Fox News promoted climate deniers and disputed the scientific consensus that climate change exists and is man-made in response to a proposal from President Obama to lower carbon emissions that contribute to the warming of the planet.
On June 25, President Obama delivered a speech where he laid out policy proposals to combat climate change, including the regulation of carbon emissions from existing power plants. Fox News immediately reacted by hosting prominent climate deniers and dismissing the reality of climate change.
America Live host Megyn Kelly cut away from Obama's speech after several minutes, saying that Obama's assertion that "the planet is warming and human activity is contributing to it" is "not the full story." Kelly then turned to climate denier Chris Horner of the Competitive Enterprise Institute, an organization that has financial ties to the fossil fuel industry. Kelly and Horner both pushed the false notion that recent short-term temperature trends undermine the scientific consensus that climate change is ongoing.
On Special Report with Bret Baier, Fox News contributor Charles Krauthammer reacted to the speech by also pushing the idea that recent temperature trends undermine the long-term warming trend.
Your World with Neil Cavuto hosted weather forecaster and climate denier Joe Bastardi, who incorrectly claimed that Obama was wrong when he said in his speech that the "12 warmest years in recorded history have all come in the last 15 years."
Opening The Five, co-host Greg Gutfeld said climate skeptics "were right all along" and said Obama was "denying science" in his climate change speech.
And on Hannity, Fox contributor Liz Cheney dismissed the science behind climate change when she said that Obama is "using phony science to kill jobs." She continued, saying that "the science is just simply bogus."

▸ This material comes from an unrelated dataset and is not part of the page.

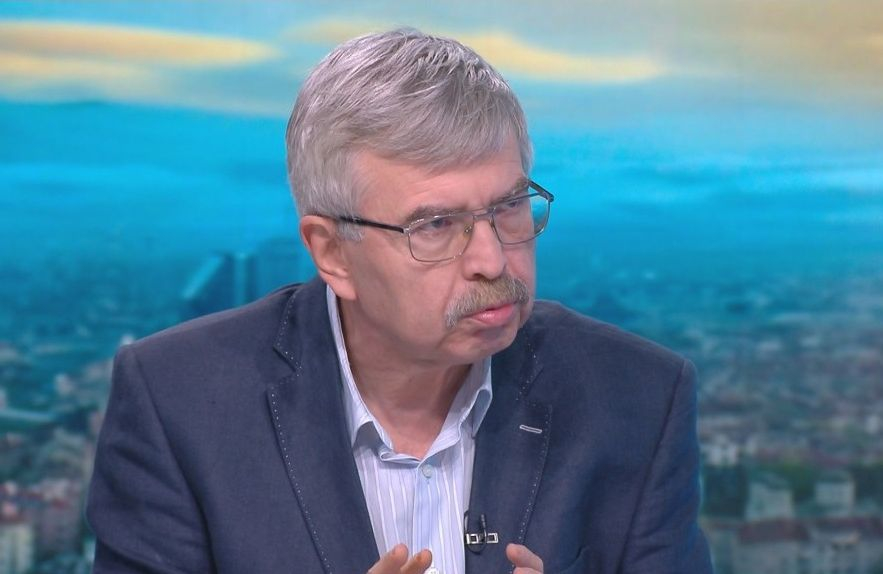 Емил Хърсев обясни кое налага банките да привикват клиентите си веднъж годишно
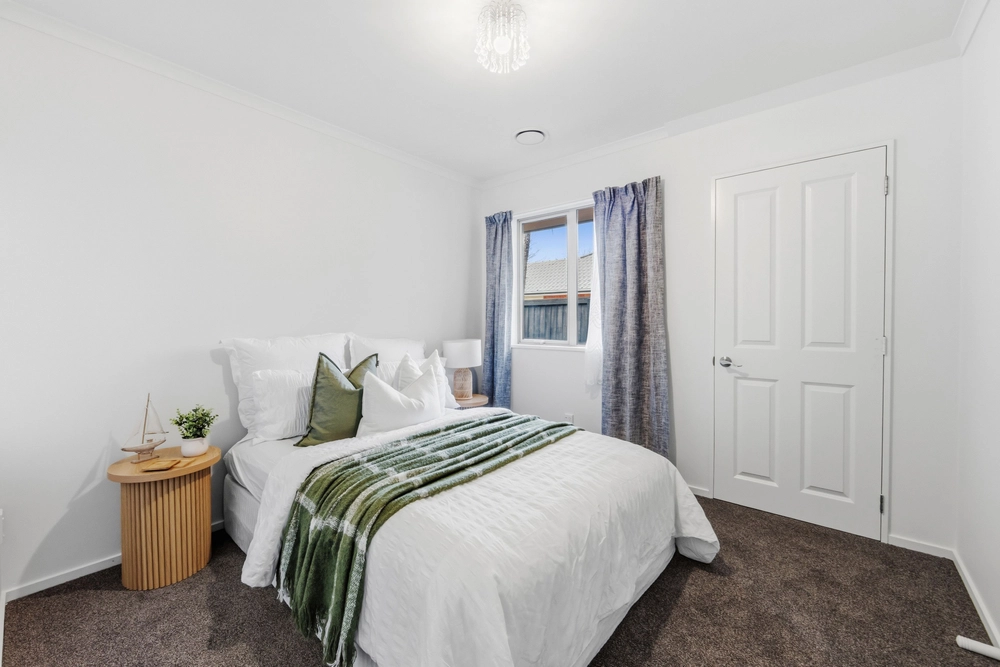 Photos of 45 Kinsella Crescent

But despite Fox's efforts to deny it, the fact is that the vast majority of climate scientists agree that climate change is occurring. Ninety-seven percent of climate scientists that publish peer-reviewed papers on the subject of climate change agree that global temperatures have risen and that "human activity is a significant contributing factor" in the rising temperatures. Eighty-four percent of scientists acknowledge that the planet is warming due to human activity, and nearly 200 scientific organizations from around the world have made public statements acknowledging that manmade climate change is real.